Introduction
Machine learning, deep learning, computer vision, and large datasets require a robust, GPU-based infrastructure with parallel processing. The Bare Metal Cloud (BMC) GPU instances offer dedicated access to hardware designed for demanding GPU computing and AI tasks.
These BMC server types have two Intel MAX 1100 GPU cards. The server's parallel processing capabilities and computational power are essential for faster model training and intensive machine learning tasks.
This guide shows how to set up a machine learning environment on a BMC GPU instance.
Prerequisites
- BMC portal credentials. Create a Bare Metal Cloud account if you are a new client.
- Access to the terminal.
Step 1: Deploy and Access BMC GPU Server
This section shows how to deploy and access the BMC GPU server through simplified steps. For more information about each server deployment step, see our in-depth guide on deploying a Bare Metal Cloud server.
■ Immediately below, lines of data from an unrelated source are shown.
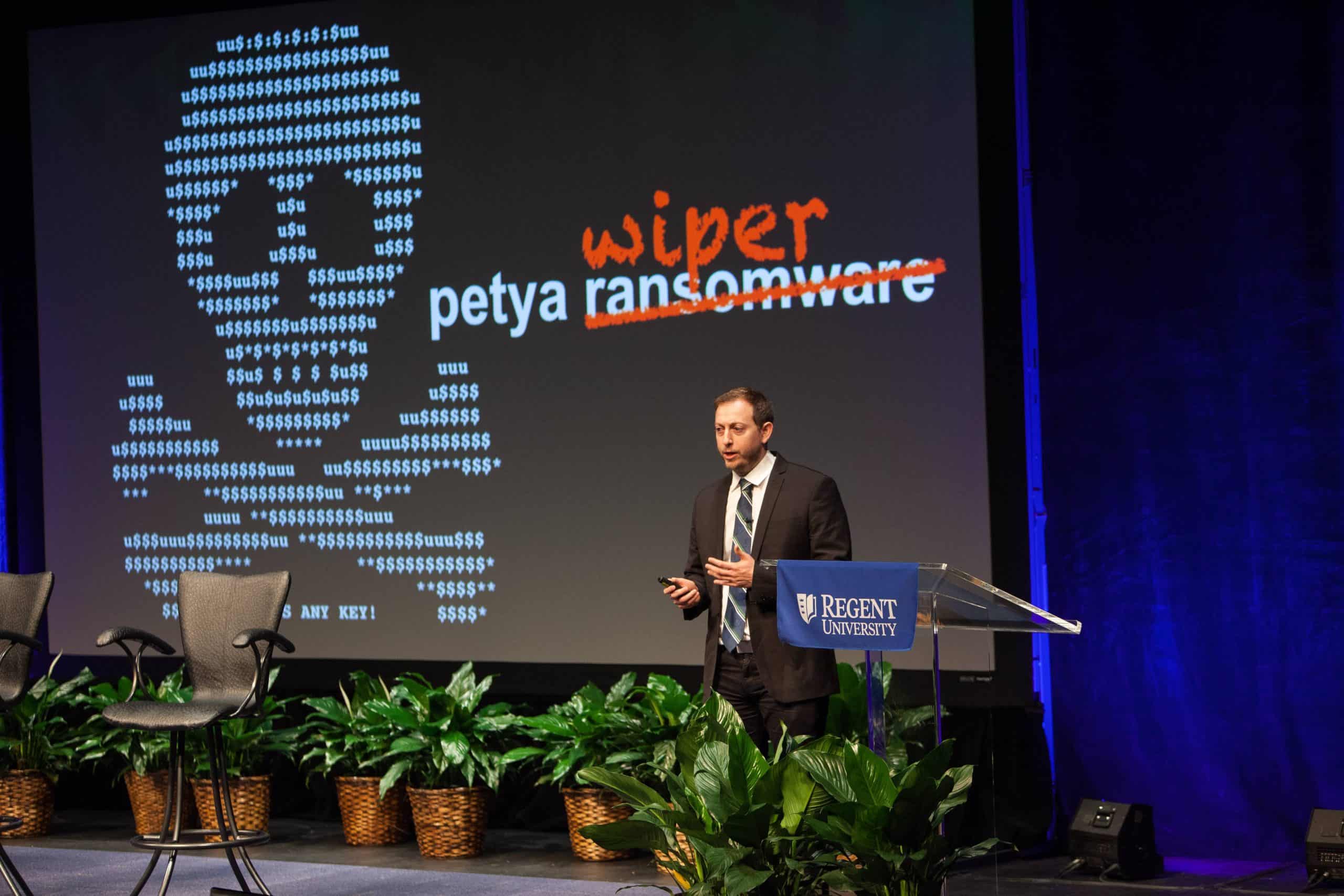Regent University’s inaugural Cybersecurity Summit. Photo courtesy of Eric Lusher.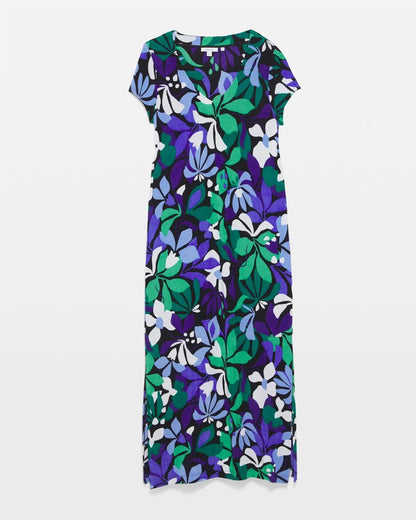 TravelersTM Floral V-neck Maxi Dress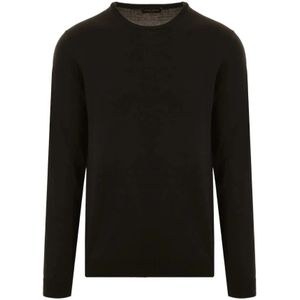 Roberto Collina, Heren, Truien, Bruin, Maat: M Wol,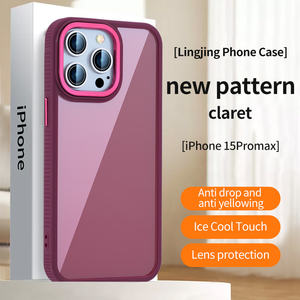 Para <span class=keywords><strong>iPhone</strong></span> 16 Elegante funda <span class=keywords><strong>de</strong></span> metal transparente minimalista con protección <span class=keywords><strong>de</strong></span> cámara Marco suave y características reflectantes <span class=keywords><strong>de</strong></span> prisma - Product Image 5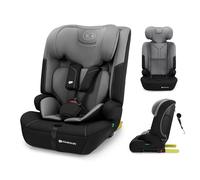 Kinderkraft SAFETY FIX 3 PRO, Silla de Coche i-Size 76-150 cm, ISOFIX, Top Tether, Protección Lateral H-GUARD, Arnés 5 Puntos, Funda Lavable, Fácil Instalación, Gris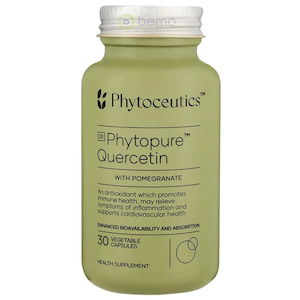 Phytoceutics, Phytopure Quercetin with Pomegranate, 30 Vegetable Capsules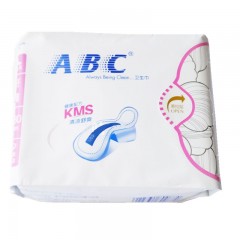 ABC纤薄棉柔夜用 8片K12卫生巾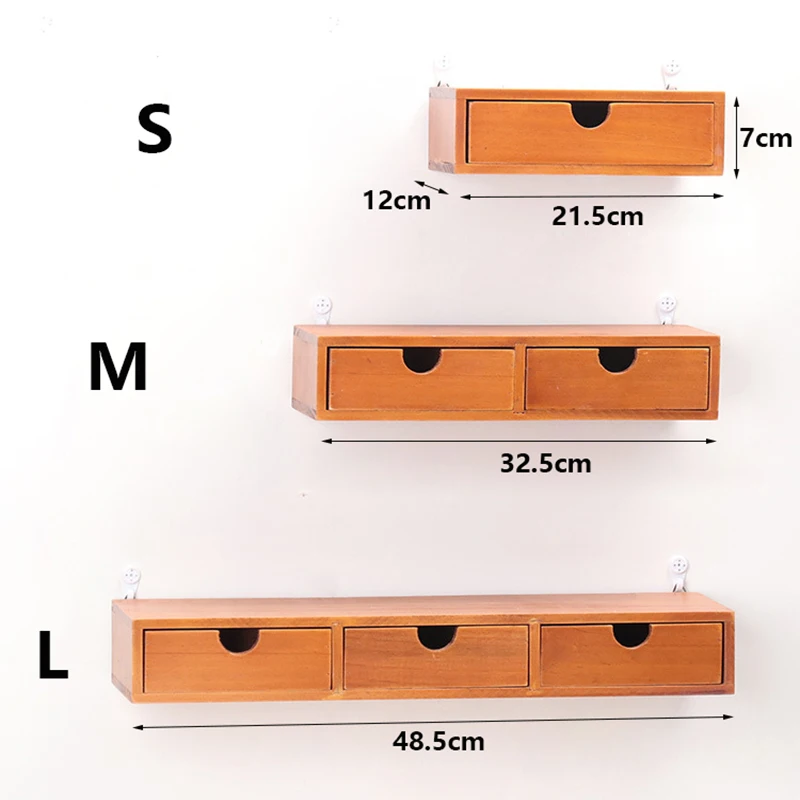 Винтаж настенная подвесная деревянная коробка &quotсделай сам&quot с выдвижными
To deploy and access a BMC server:
1. Log into the BMC portal using your credentials.
2. Navigate to the Deploy Servers page. Alternatively, use an existing reservation.
3. Choose the data center location (Phoenix or Ashburn).
4. The GPU instance types require a reservation. Choose between an hourly or a long-term reservation billing model.
The reservation guarantees the resources during the selected period. For more details about reservations and billing, see the in-depth guide for billing with different reservation types.
5. Use the GPU filter to list the MAX GPU servers. Select one of the available server instances.
This guide uses the d3.g2.c1.xlarge instance to demonstrate the installation steps.
6. Choose the OS settings in the following section. There are two available options:
- Ubuntu Jammy. It requires manually setting up one API Base Toolkit and installing an AI or machine learning environment (steps 2 and 3 in this guide). The GPU driver is preinstalled.
- PyTorch (Ubuntu Jammy). An out-of-the-box solution. Comes with the latest available PyTorch image pre-installed via Docker.
7. Provide the hostname for the server.
8. Choose an existing public SSH key from the list. Alternatively, generate an SSH key pair and add the new public key.
9. (Optional) Set up the network and IP settings. If using a public network, refer to our public IP management guide and configure the server after deployment.
10. Review all the information and deploy the server when ready.
11. Once deployed (status POWERED ON), SSH into the server:
ssh ubuntu@[server_IP]
Replace [server_IP]
with the actual server address. The address is visible on the server listing page in the IP Address column and the server details page in the Network & IP Settings tab.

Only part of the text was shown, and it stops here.